Cyprus Paved the Way For an FDIC-Approved Money Grab

Tuesday, April 9, 2013
By Paul Martin

by Phoenix Capital Research

As Cyprus has now shown us, when systemic collapse hits, it hits FAST and FURIOUS.

The quick timeline for Cyprus is as follows:

June 25, 2012: Cyprus formally requests a bailout from the EU.
November 24, 2012: Cyprus announces it has reached an agreement with the EU the bailout process once Cyprus banks are examined by EU officials (ballpark estimate of capital needed is €17.5 billion).
February 25, 2013: Democratic Rally candidate Nicos Anastasiades wins Cypriot election defeating his opponent, an anti-austerity Communist.
March 16 2013: Cyprus announces the terms of its bail-in: a 6.75% confiscation of accounts under €100,000 and 9.9% for accounts larger than €100,000… a bank holiday is announced.
March 17 2013: emergency session of Parliament to vote on bailout/bail-in is postponed.
March 18 2013: Bank holiday extended until March 21 2013.
March 19 2013: Cyprus parliament rejects bail-in bill.
March 20 2013: Bank holiday extended until March 26 2013.
March 24 2013: Cash limits of €100 in withdrawals begin for largest banks in Cyprus.
March 25 2013: Bail-in deal agreed upon.

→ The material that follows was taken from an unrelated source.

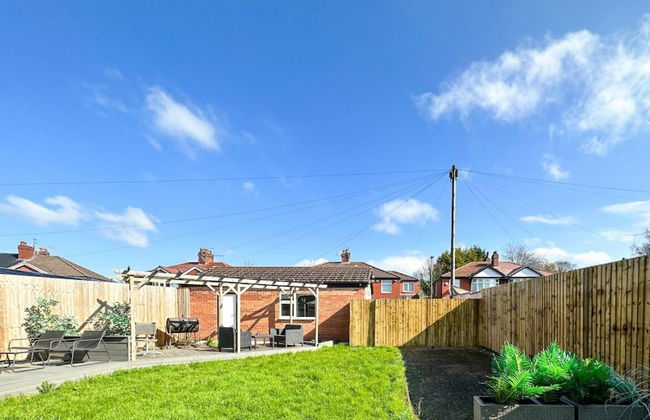 Beautiful Detached Villa - Jacuzzi Bath - Parking - Foto 17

Those depositors with over €100,000 either lose 40% of their money (Bank of Cyprus) or lose 60% (Laiki).

The most important thing I want you to focus on is the speed of these events.

Cypriot banks formally requested a bailout back in June 2012. The bailout talks took months to perform. And then the entire system came unhinged in one weekend.